Other financial assets, including investments in equity instruments which are not subsidiaries, associates or joint ventures, are initially measured at fair value, which is normally the transaction price. Such assets are subsequently carried at fair value and the changes in fair value are recognised in profit or loss, except that investments in equity instruments that are not publicly traded and whose fair values cannot be measured reliably are measured at cost less impairment.
Financial assets, other than those held at fair value through profit and loss, are assessed for indicators of impairment at each reporting end date.
Financial assets are impaired where there is objective evidence that, as a result of one or more events that occurred after the initial recognition of the financial asset, the estimated future cash flows have been affected. If an asset is impaired, the impairment loss is the difference between the carrying amount and the present value of the estimated cash flows discounted at the asset’s original effective interest rate. The impairment loss is recognised in profit or loss.
If there is a decrease in the impairment loss arising from an event occurring after the impairment was recognised, the impairment is reversed. The reversal is such that the current carrying amount does not exceed what the carrying amount would have been, had the impairment not previously been recognised. The impairment reversal is recognised in profit or loss.
Financial assets are derecognised only when the contractual rights to the cash flows from the asset expire or are settled, or when the group transfers the financial asset and substantially all the risks and rewards of ownership to another entity, or if some significant risks and rewards of ownership are retained but control of the asset has transferred to another party that is able to sell the asset in its entirety to an unrelated third party.
Financial liabilities and equity instruments are classified according to the substance of the contractual arrangements entered into. An equity instrument is any contract that evidences a residual interest in the assets of the group after deducting all of its liabilities.
Basic financial liabilities, including creditors, bank loans, loans from fellow group companies and preference shares that are classified as debt, are initially recognised at transaction price unless the arrangement constitutes a financing transaction, where the debt instrument is measured at the present value of the future payments discounted at a market rate of interest. Financial liabilities classified as payable within one year are not amortised.

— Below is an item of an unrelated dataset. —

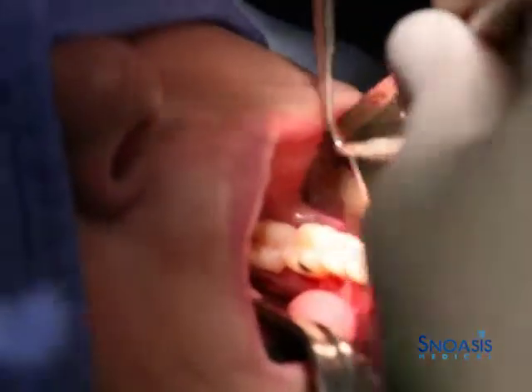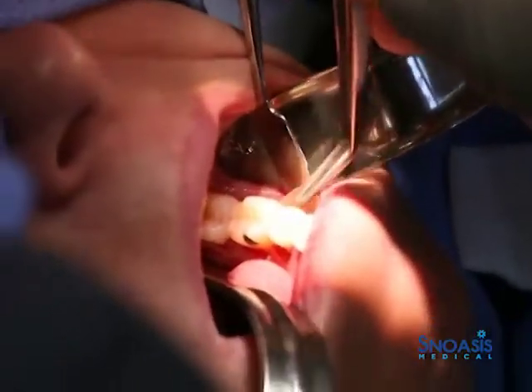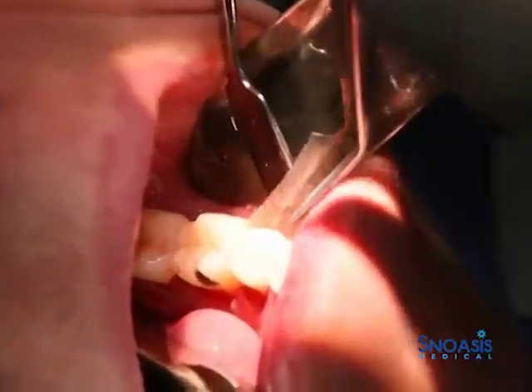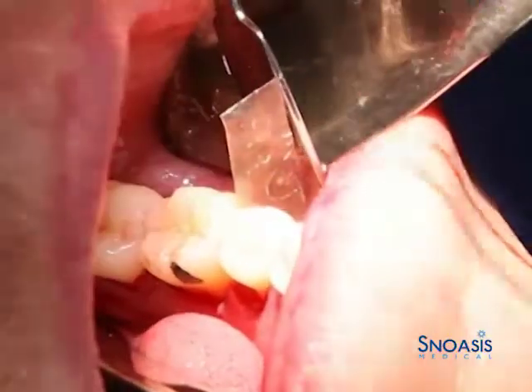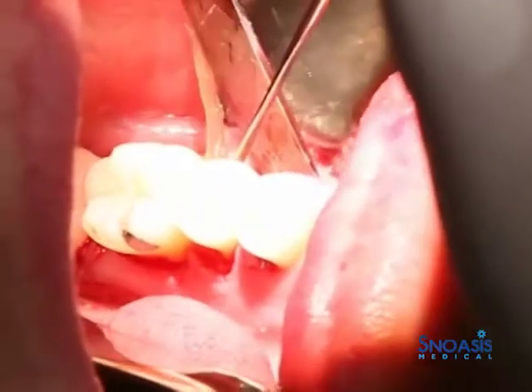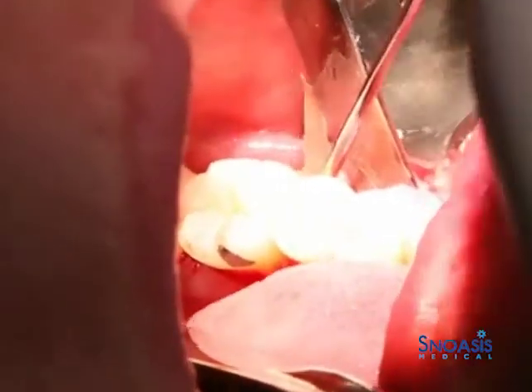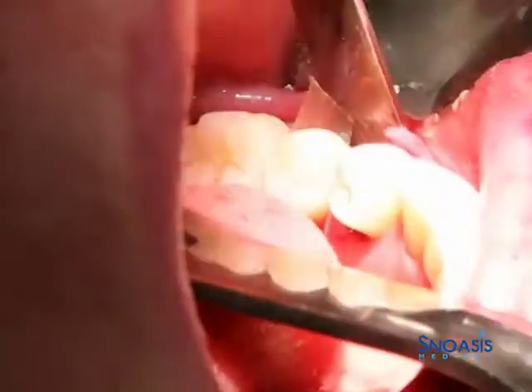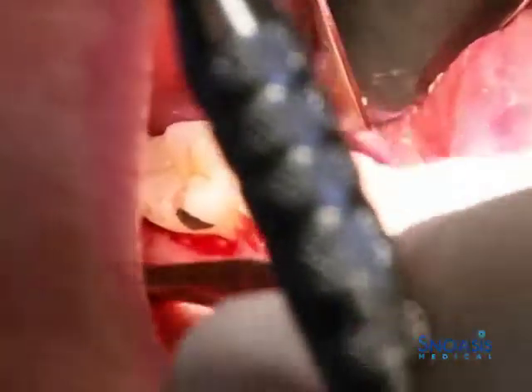This is usually the most tricky part. We're just going in with this nice and dry, and usually we're just going to try to get it in there a little bit. I like to take a tunneling instrument and just push it through.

Debt instruments are subsequently carried at amortised cost, using the effective interest rate method.
Trade creditors are obligations to pay for goods or services that have been acquired in the ordinary course of business from suppliers. Amounts payable are classified as current liabilities if payment is due within one year or less. If not, they are presented as non-current liabilities. Trade creditors are recognised initially at transaction price and subsequently measured at amortised cost using the effective interest method.
Derivatives, including interest rate swaps and forward foreign exchange contracts, are not basic financial instruments. Derivatives are initially recognised at fair value on the date a derivative contract is entered into and are subsequently re-measured at their fair value. Changes in the fair value of derivatives are recognised in profit or loss in finance costs or finance income as appropriate, unless hedge accounting is applied and the hedge is a cash flow hedge.
Debt instruments that do not meet the conditions in FRS 102 paragraph 11.9 are subsequently measured at fair value through profit or loss. Debt instruments may be designated as being measured at fair value through profit or loss to eliminate or reduce an accounting mismatch or if the instruments are measured and their performance evaluated on a fair value basis in accordance with a documented risk management or investment strategy.
Financial liabilities are derecognised when the group's contractual obligations expire or are discharged or cancelled.
Equity instruments issued by the group are recorded at the proceeds received, net of transaction costs. Dividends payable on equity instruments are recognised as liabilities once they are no longer at the discretion of the group.
The tax expense represents the sum of the tax currently payable and deferred tax.
The tax currently payable is based on taxable profit for the year. Taxable profit differs from net profit as reported in the profit and loss account because it excludes items of income or expense that are taxable or deductible in other years and it further excludes items that are never taxable or deductible. The group’s liability for current tax is calculated using tax rates that have been enacted or substantively enacted by the reporting end date.
Deferred tax liabilities are generally recognised for all timing differences and deferred tax assets are recognised to the extent that it is probable that they will be recovered against the reversal of deferred tax liabilities or other future taxable profits. Such assets and liabilities are not recognised if the timing difference arises from goodwill or from the initial recognition of other assets and liabilities in a transaction that affects neither the tax profit nor the accounting profit.
The carrying amount of deferred tax assets is reviewed at each reporting end date and reduced to the extent that it is no longer probable that sufficient taxable profits will be available to allow all or part of the asset to be recovered. Deferred tax is calculated at the tax rates that are expected to apply in the period when the liability is settled or the asset is realised. Deferred tax is charged or credited in the profit and loss account, except when it relates to items charged or credited directly to equity, in which case the deferred tax is also dealt with in equity. Deferred tax assets and liabilities are offset when the company has a legally enforceable right to offset current tax assets and liabilities and the deferred tax assets and liabilities relate to taxes levied by the same tax authority.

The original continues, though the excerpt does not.